Copy out the listing that follows exactly, dropping every picture.
=== Begin Enclosure ===
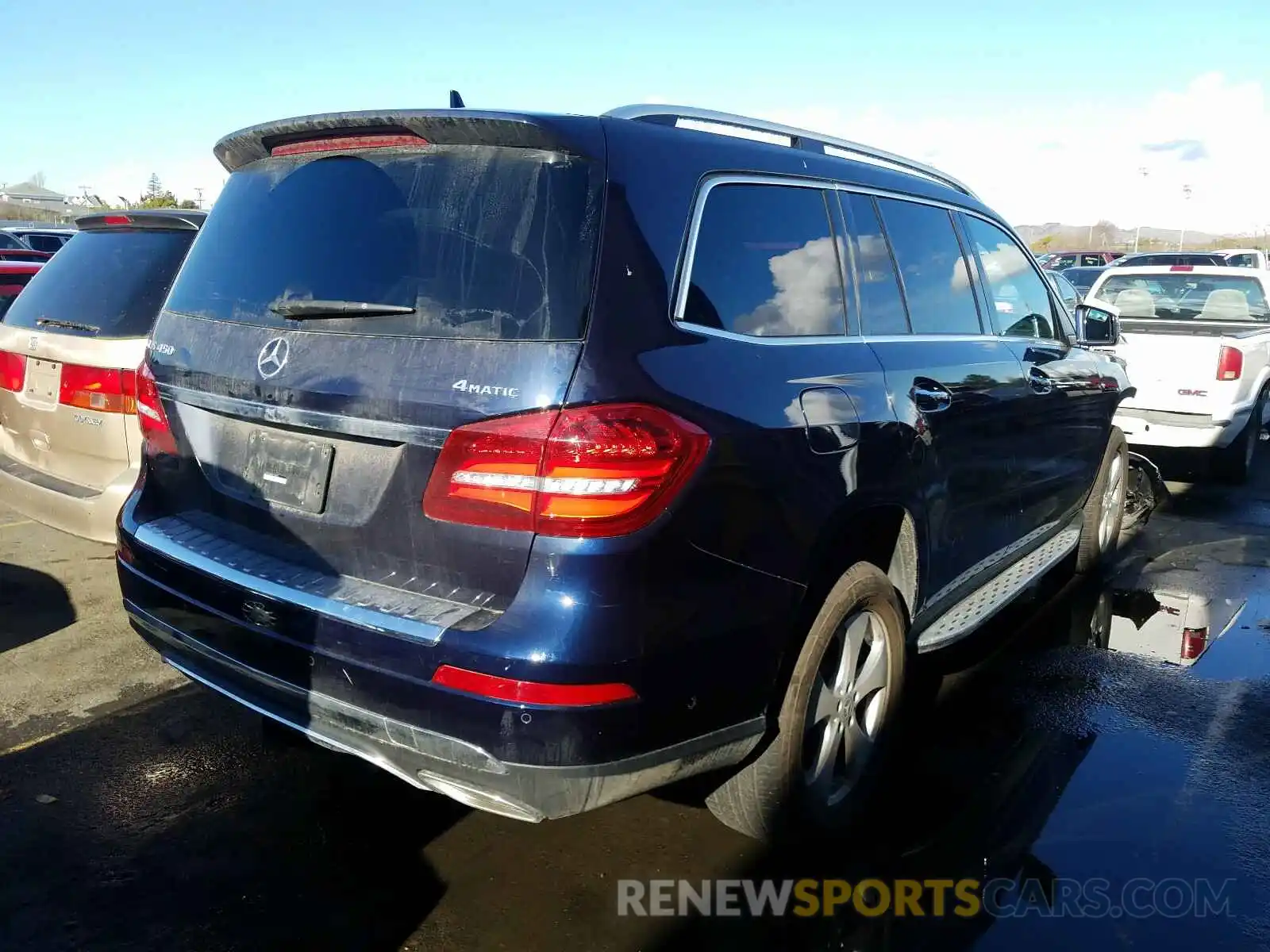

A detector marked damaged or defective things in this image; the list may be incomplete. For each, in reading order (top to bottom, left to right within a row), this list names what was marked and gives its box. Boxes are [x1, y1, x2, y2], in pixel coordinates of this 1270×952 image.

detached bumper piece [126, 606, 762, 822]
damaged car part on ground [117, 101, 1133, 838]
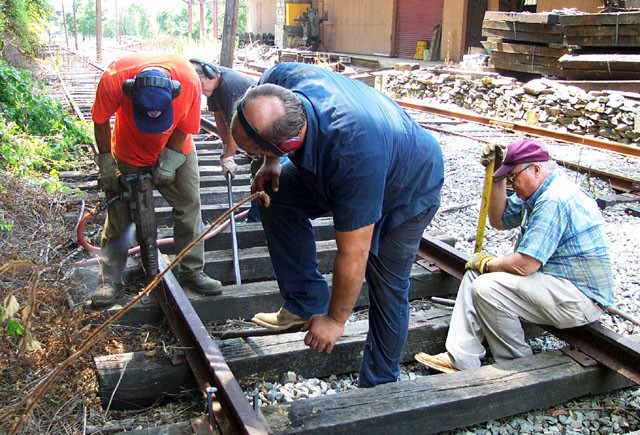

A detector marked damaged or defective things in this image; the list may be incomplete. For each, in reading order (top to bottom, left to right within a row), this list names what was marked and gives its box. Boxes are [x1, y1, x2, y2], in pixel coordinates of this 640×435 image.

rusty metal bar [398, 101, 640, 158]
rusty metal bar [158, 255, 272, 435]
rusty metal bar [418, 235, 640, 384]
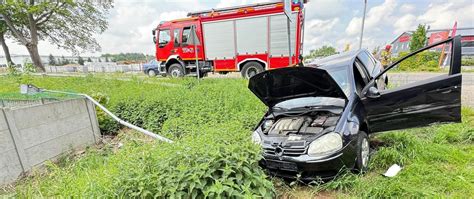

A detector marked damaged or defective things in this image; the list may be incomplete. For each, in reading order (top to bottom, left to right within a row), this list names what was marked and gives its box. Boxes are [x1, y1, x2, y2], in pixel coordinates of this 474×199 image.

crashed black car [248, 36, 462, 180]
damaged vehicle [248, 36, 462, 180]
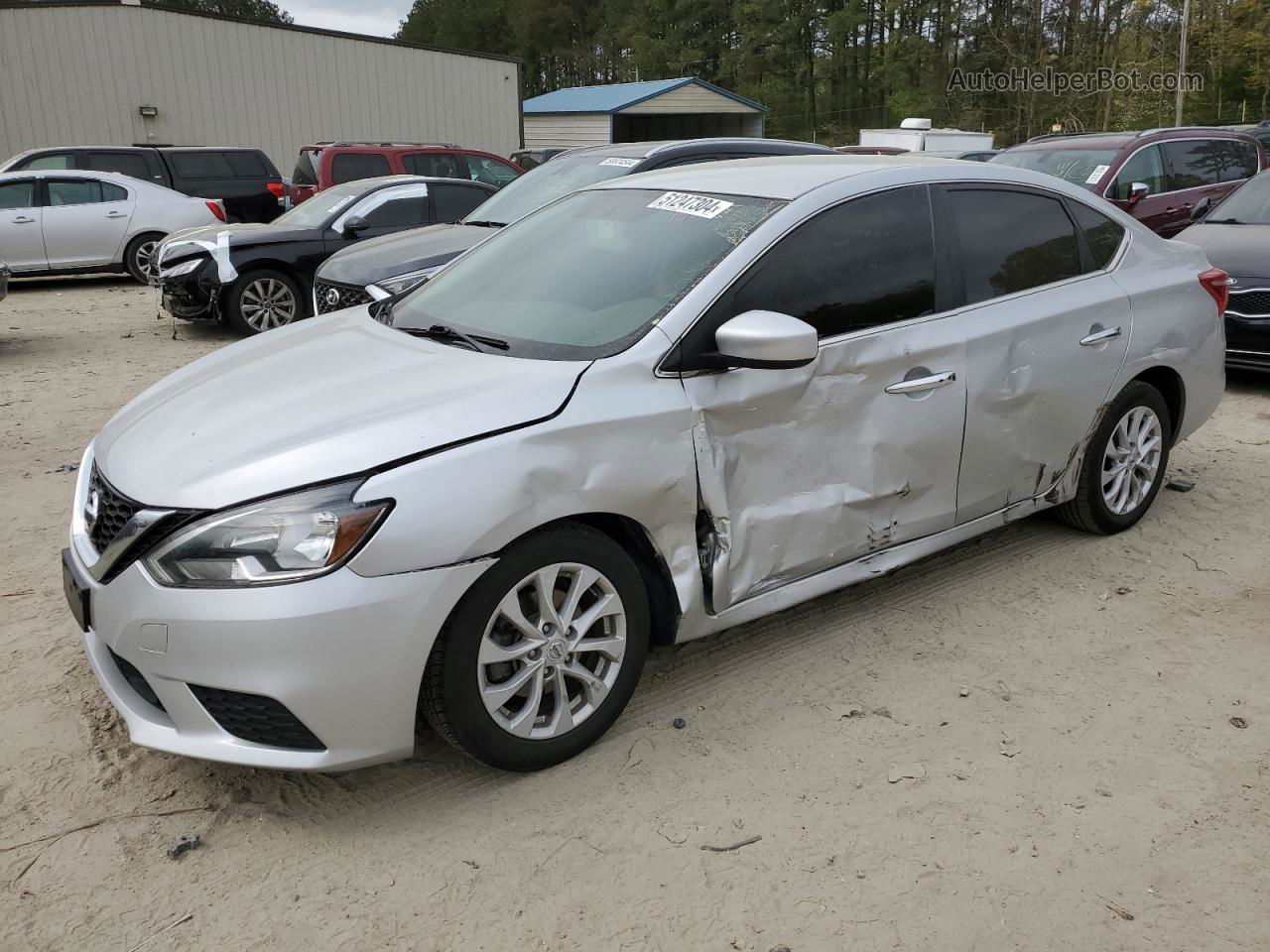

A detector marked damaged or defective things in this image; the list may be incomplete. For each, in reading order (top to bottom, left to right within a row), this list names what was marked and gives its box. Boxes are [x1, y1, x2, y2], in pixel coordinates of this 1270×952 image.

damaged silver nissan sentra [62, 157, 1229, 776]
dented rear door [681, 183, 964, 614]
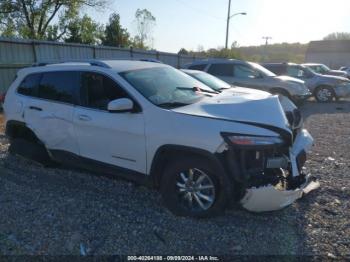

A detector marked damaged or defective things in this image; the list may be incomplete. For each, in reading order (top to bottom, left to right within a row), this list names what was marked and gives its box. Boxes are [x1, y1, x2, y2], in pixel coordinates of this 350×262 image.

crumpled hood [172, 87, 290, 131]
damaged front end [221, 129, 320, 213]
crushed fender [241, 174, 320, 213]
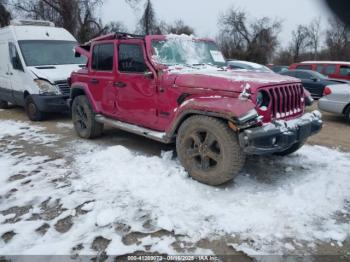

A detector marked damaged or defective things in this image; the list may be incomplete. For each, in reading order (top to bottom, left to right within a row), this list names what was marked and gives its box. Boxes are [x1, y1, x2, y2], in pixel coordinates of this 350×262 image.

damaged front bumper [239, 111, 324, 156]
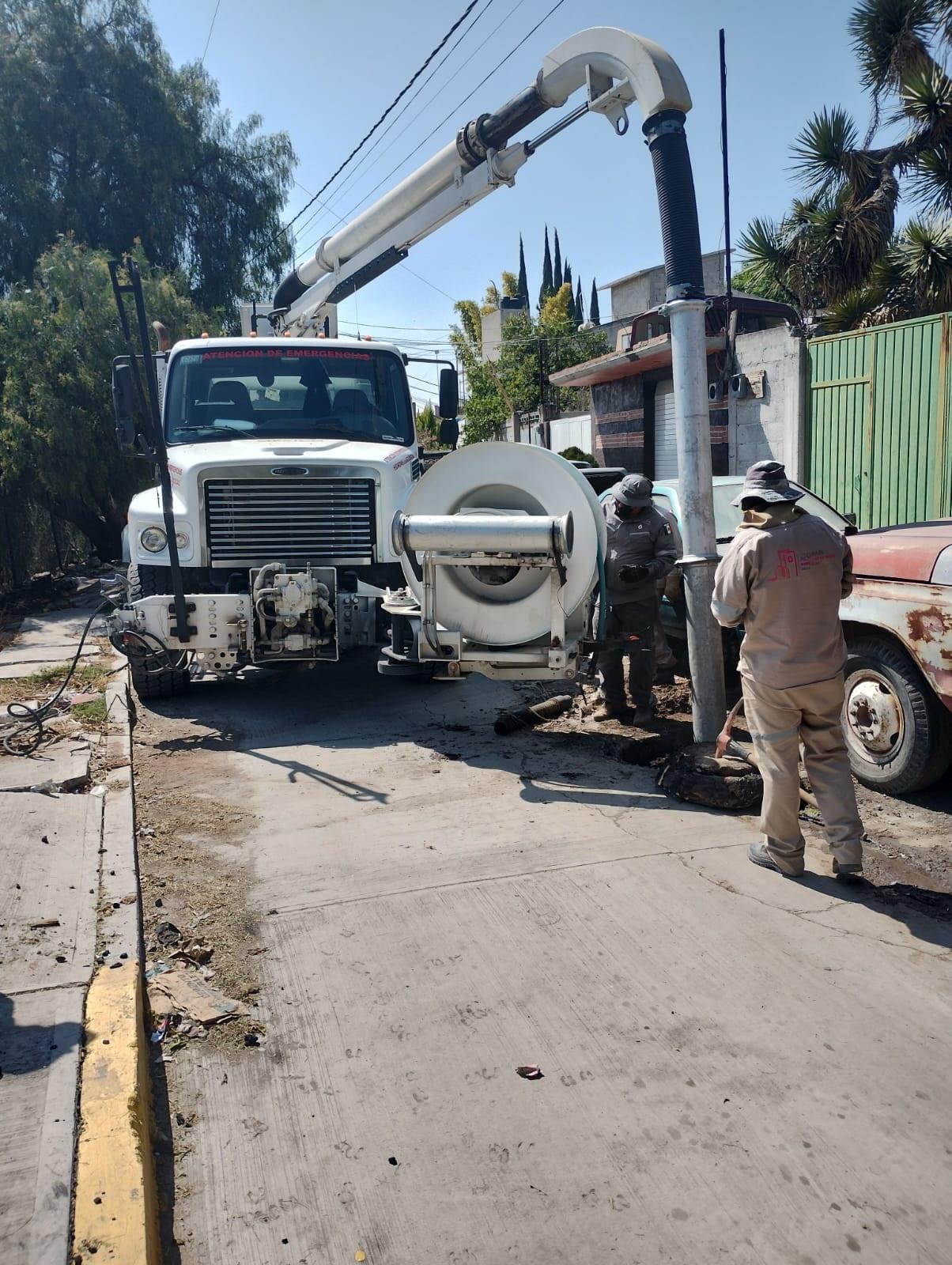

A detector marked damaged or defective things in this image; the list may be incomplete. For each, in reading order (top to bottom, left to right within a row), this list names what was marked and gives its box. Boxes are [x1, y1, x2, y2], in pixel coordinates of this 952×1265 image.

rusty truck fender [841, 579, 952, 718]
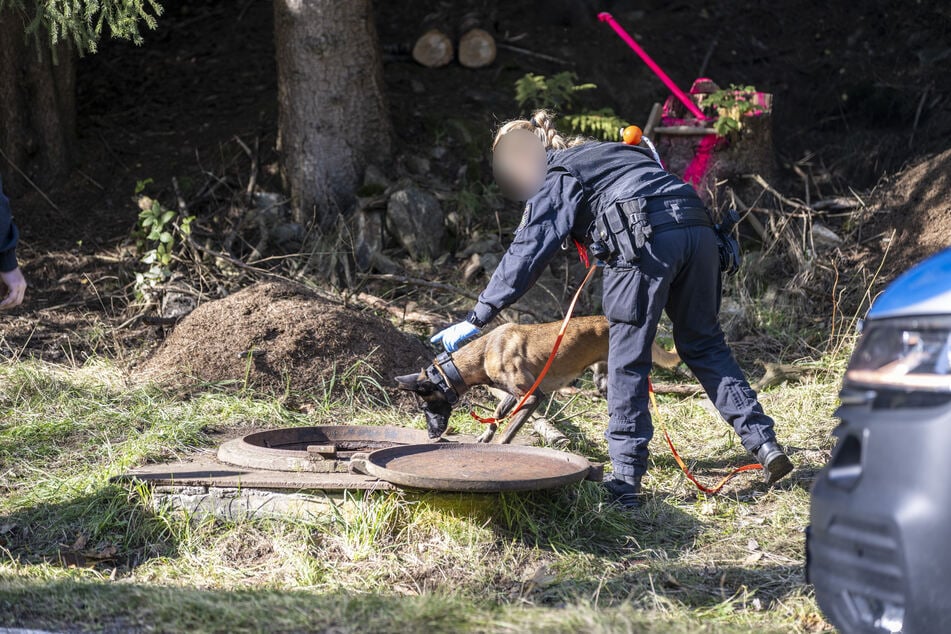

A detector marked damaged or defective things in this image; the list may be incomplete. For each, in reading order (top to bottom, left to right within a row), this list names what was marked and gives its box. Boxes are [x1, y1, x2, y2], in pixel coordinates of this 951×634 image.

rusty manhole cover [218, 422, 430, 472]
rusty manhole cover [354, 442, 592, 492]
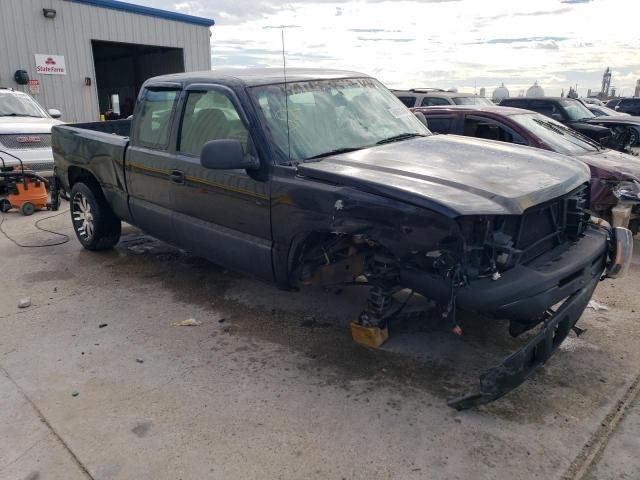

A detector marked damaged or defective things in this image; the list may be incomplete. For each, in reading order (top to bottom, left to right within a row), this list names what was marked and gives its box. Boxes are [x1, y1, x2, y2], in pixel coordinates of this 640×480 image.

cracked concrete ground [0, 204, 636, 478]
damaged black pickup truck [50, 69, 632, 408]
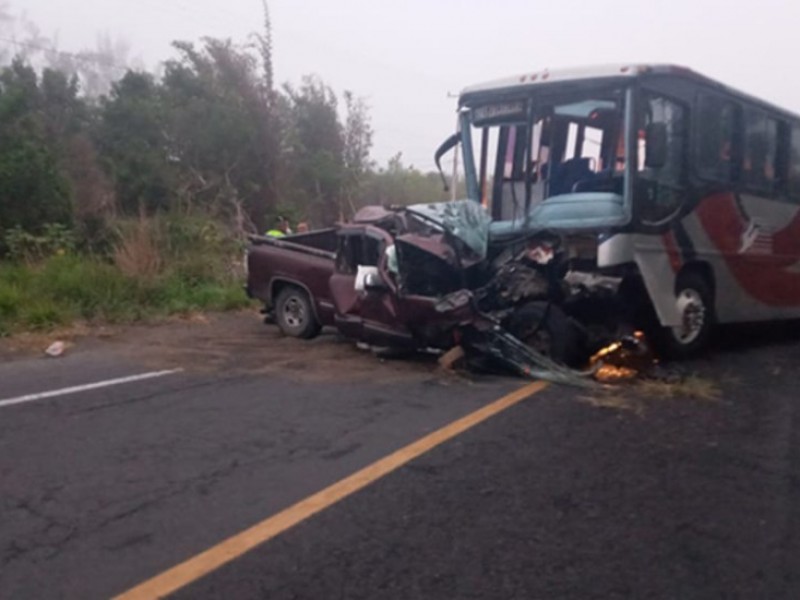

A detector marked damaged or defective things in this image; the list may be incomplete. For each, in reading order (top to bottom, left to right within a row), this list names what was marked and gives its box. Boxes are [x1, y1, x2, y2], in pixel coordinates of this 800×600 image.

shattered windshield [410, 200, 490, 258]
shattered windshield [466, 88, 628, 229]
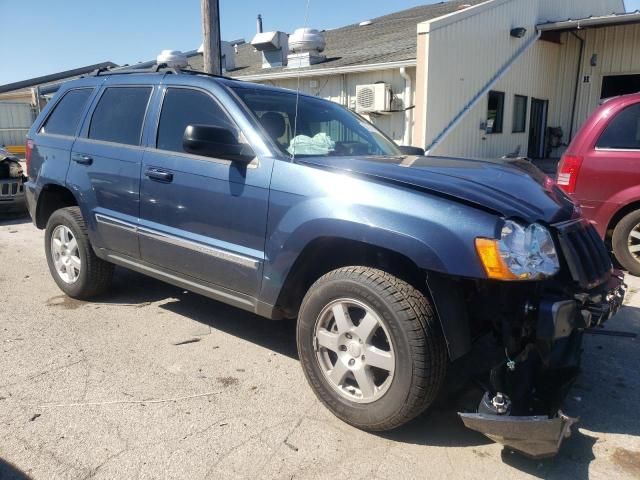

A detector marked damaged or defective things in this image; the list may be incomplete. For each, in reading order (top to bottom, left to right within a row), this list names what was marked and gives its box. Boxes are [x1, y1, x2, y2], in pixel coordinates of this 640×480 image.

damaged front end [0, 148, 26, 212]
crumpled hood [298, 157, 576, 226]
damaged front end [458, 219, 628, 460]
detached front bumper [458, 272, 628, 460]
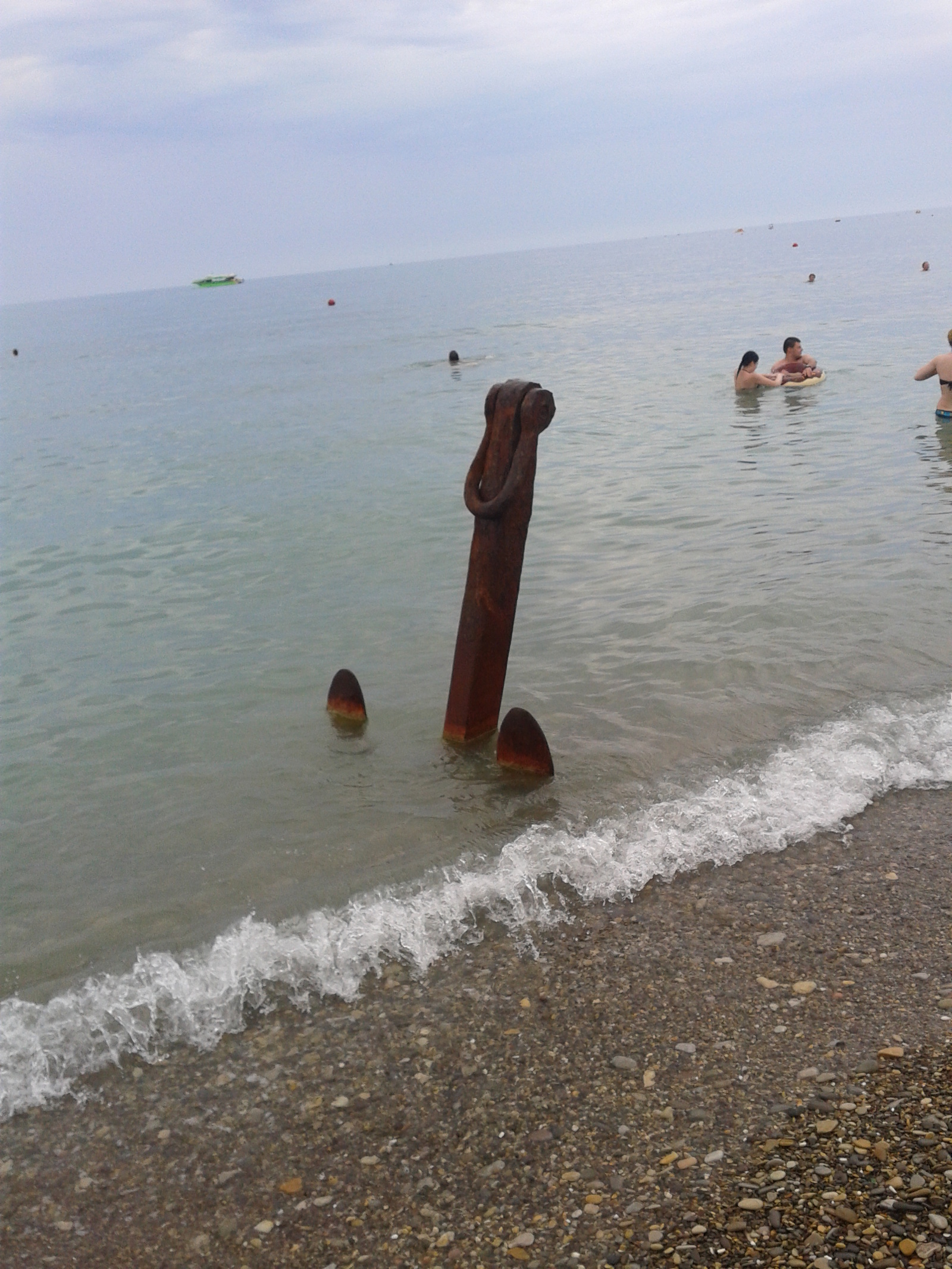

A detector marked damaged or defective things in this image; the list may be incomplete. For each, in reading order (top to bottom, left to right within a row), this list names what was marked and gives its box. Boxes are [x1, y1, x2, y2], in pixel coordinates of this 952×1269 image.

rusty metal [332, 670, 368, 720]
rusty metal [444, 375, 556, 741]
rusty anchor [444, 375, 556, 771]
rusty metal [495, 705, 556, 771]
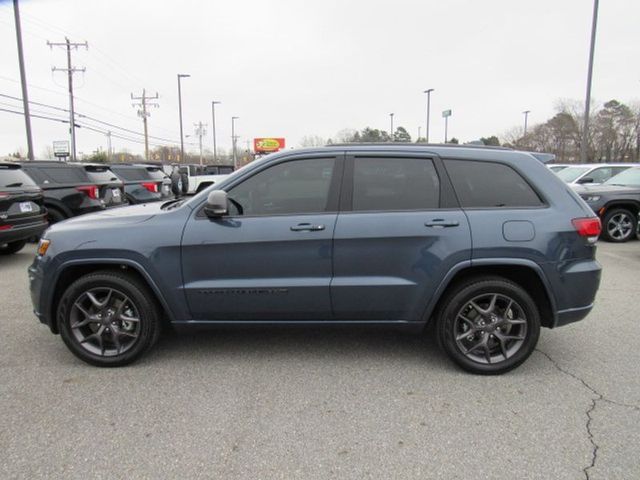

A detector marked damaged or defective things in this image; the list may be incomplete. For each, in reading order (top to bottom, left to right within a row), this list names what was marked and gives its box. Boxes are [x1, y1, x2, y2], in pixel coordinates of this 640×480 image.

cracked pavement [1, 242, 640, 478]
=== End Enclosure ===
TASK SOLUTION
A detector marked damaged or defective things in this image; the list may be incomplete. For each, in reading order (top to bottom, left to right within a row), this list names what was marked and gives its box. Boxes are [x1, y1, x2, y2], in pixel coordinates of this 1270×952 image.

detached bumper piece [126, 606, 762, 822]
damaged car part on ground [117, 101, 1133, 838]

A detector marked damaged or defective things in this image; the list may be incomplete. For each, in reading order (top to bottom, left to right within a row), this list names what was marked and gives its box. Boxes are [x1, y1, x2, y2], in pixel coordinates of this 640×435 image.

rusty metal bar [398, 101, 640, 158]
rusty metal bar [158, 255, 272, 435]
rusty metal bar [418, 235, 640, 384]

A detector marked damaged or defective things in this image; the list may be incomplete. For each, in reading order (top to bottom, left to right within a row), this list names what was marked and gives its box. Boxes are [x1, y1, x2, y2], in pixel coordinates of this 474×199 image.

crashed black car [248, 36, 462, 180]
damaged vehicle [248, 36, 462, 180]

A detector marked damaged or defective things in this image; the list may be incomplete. For each, in reading order (top to bottom, left to right within a row), this list names what was marked and gives its box. Boxes are [x1, y1, x2, y2], in pixel coordinates of this 1270×952 image.

damaged silver nissan sentra [62, 157, 1229, 776]
dented rear door [681, 183, 964, 614]

A detector marked damaged or defective things in this image; the list may be incomplete. For each, in reading order (top to bottom, left to right within a row), this list names what was marked and gives its box. Boxes are [x1, y1, x2, y2], in pixel coordinates of this 350×262 image.

crumpled hood [172, 87, 290, 131]
damaged front end [221, 129, 320, 213]
crushed fender [241, 174, 320, 213]

A detector marked damaged or defective things in this image; the list may be incomplete. For each, in reading order (top to bottom, left to right within a row), this list names what was marked and gives its box. Boxes are [x1, y1, x2, y2], in pixel coordinates of this 350×262 image.

damaged front bumper [239, 111, 324, 156]

A detector marked damaged or defective things in this image; the list may be incomplete. For each, in reading order (top to bottom, left to right within a row), this list names what was marked and gives its box. Boxes are [x1, y1, x2, y2], in pixel coordinates of this 952×1265 image.

rusty truck fender [841, 579, 952, 718]

A detector marked damaged or defective things in this image; the list may be incomplete. For each, in reading order (top to bottom, left to right within a row), this list names what was marked and gives its box. Boxes are [x1, y1, x2, y2], in pixel coordinates of this 951×634 image.

rusty manhole cover [218, 422, 430, 472]
rusty manhole cover [354, 442, 592, 492]

A detector marked damaged or defective things in this image; the list may be incomplete. For each, in reading order (top to bottom, left to right within a row), this list names what was marked and gives its box. Boxes are [x1, y1, x2, y2], in pixel coordinates of this 640×480 image.

cracked concrete ground [0, 204, 636, 478]
damaged black pickup truck [50, 69, 632, 408]

A detector marked damaged or defective things in this image; the list may be incomplete. For each, in reading order (top to bottom, left to right within a row), this list names what was marked and gives its box. Boxes are [x1, y1, x2, y2], in pixel coordinates of this 800×600 image.

shattered windshield [410, 200, 490, 258]
shattered windshield [466, 88, 628, 229]

A detector marked damaged or defective things in this image; the list may be incomplete. For each, in reading order (top to bottom, left to right within a row), this list names what was marked and gives its box. Boxes are [x1, y1, x2, y2], in pixel coordinates of this 640×480 image.

damaged front end [0, 148, 26, 212]
crumpled hood [298, 157, 576, 226]
damaged front end [458, 219, 628, 460]
detached front bumper [458, 272, 628, 460]

A detector marked damaged or defective things in this image; the list may be incomplete. For each, in reading order (top to bottom, left to right within a row), this list names what was marked and gives its box. Boxes are [x1, y1, x2, y2], in pixel coordinates of this 952×1269 image.

rusty metal [332, 670, 368, 720]
rusty metal [444, 375, 556, 741]
rusty anchor [444, 375, 556, 771]
rusty metal [495, 705, 556, 771]

A detector marked damaged or defective things in this image; the list may be incomplete. For each, in reading order (top to bottom, left to right within a row), this list names what was marked and gives its box. Boxes are [x1, y1, x2, y2], in pixel coordinates of this 640×480 image.

cracked pavement [1, 242, 640, 478]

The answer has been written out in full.